From "Frank Imhoff" <Frank.Imhoff@elca.org>
Date Sun, 17 Apr 2005 18:31:34 -0500

FEATURE: "Wenn Frieden ist, gehen wir wieder zur Schule" - "Aber wann
ist das?"
Suedsudan: Leitende ReligionsvertreterInnen fordern Befriedigung der
Grundbeduerfnisse

Rumbek (Suedsudan)/Genf, 17. April 2005 (LWI) - Wenn die bruetend heisse
Mittagssonne auf Rumbek im Suedsudan herunterbrennt, dann trifft sie
auch die siebenjaehrige Ayen Chol, die oft direkt neben den Ruinen
zerstoerter Haeuser Wasser aus einem Brunnen schoepft.
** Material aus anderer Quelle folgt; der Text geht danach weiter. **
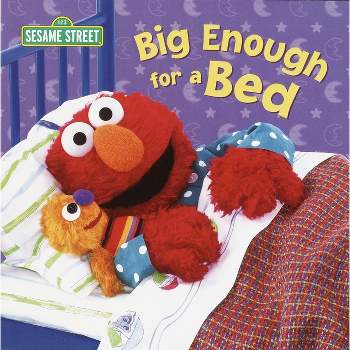 Big Enough for a Bed (Sesame Street) - by  Random House (Board Book)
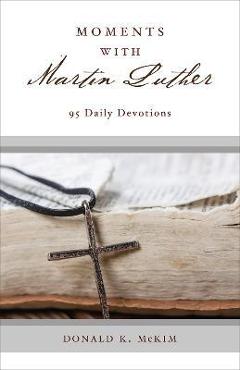 Coperta cărții 'Moments with Martin Luther - Donald K. Mckim'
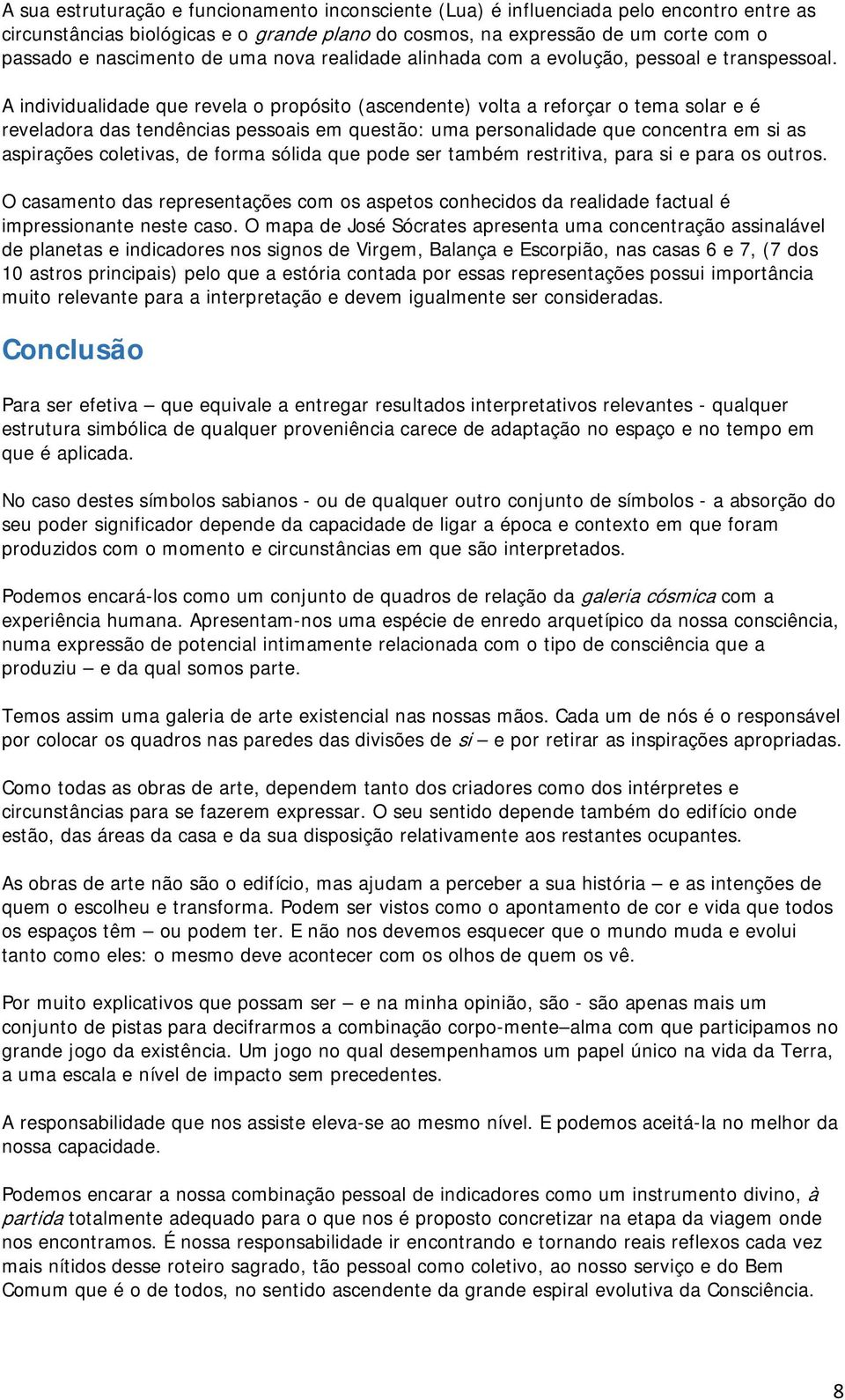 A individualidade que revela o propósito (ascendente) volta a reforçar o tema solar e é reveladora das tendências pessoais em questão: uma personalidade que concentra em si as aspirações coletivas,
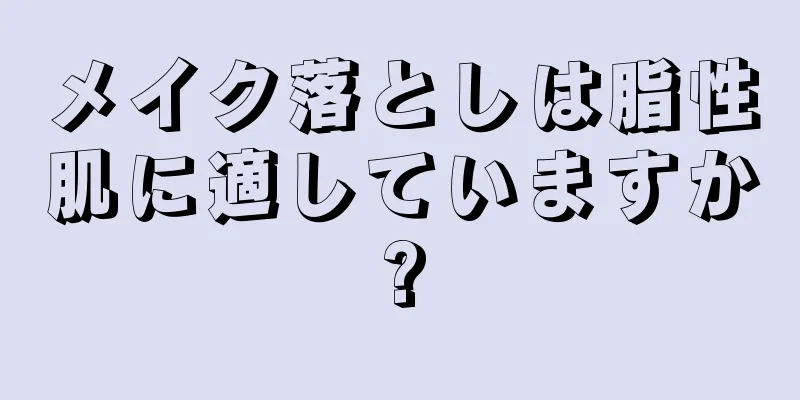 メイク落としは脂性肌に適していますか?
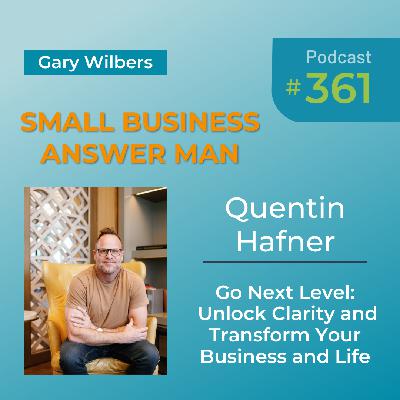 Go Next Level: Unlock Clarity and Transform Your Business and Life.| EP: 361 Quentin Hafner Go Next Level: Unlock Clarity and Transform Your Business and Life.| EP: 361 Quentin Hafner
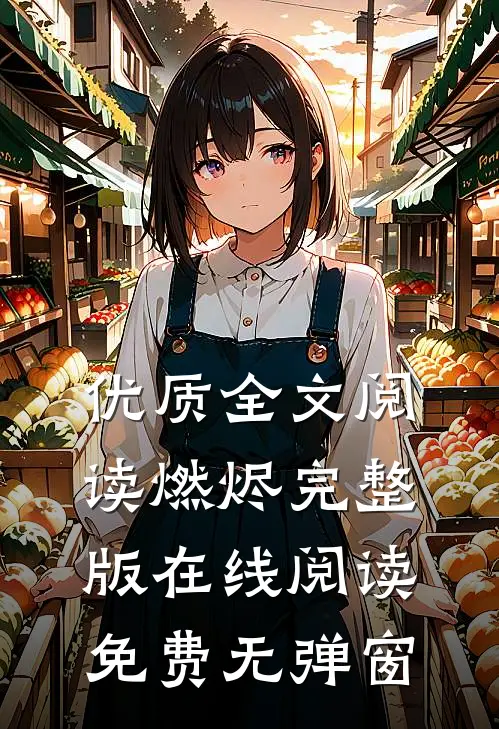 优质全文阅读燃烬完整版在线阅读免费无弹窗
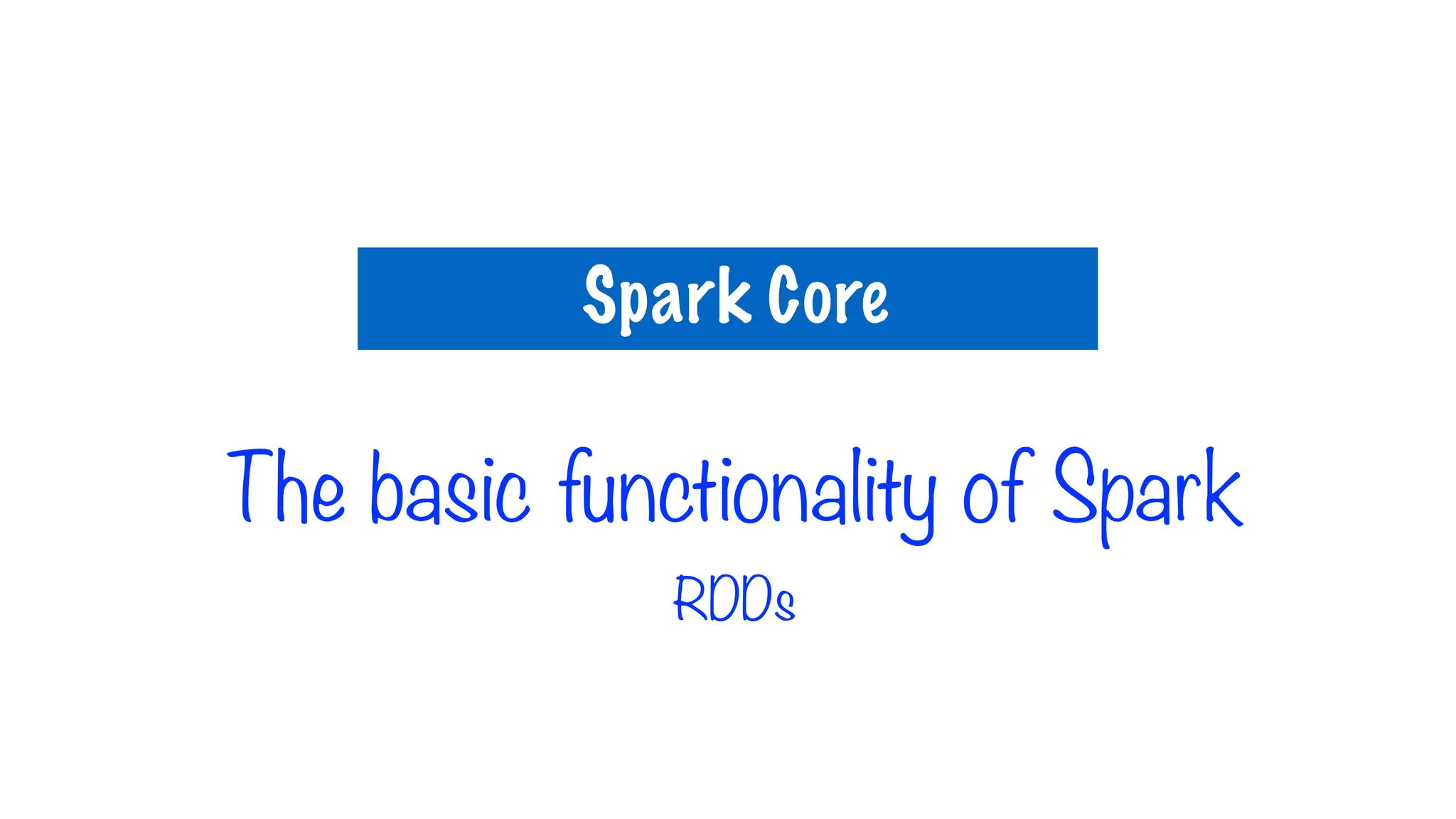 The basic functionality of Spark
RDDs
Spark Core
Seit im Januar 2005 im benachbarten Kenia ein umfassendes
Friedensabkommen zwischen der sudanesischen Regierung und der
Rebellenorganisation SPLM/A (Sudanese People's Liberation Movement/Army)
abgeschlossen wurde, koennen die Kinder in Rumbek wieder frei draussen
herumlaufen und spielen. Es besteht Hoffnung, dass die nach fast
dreijaehrigen Verhandlungen erzielten Vereinbarungen diesen seit ueber
zwei Jahrzehnten andauernden Krieg beenden koennten.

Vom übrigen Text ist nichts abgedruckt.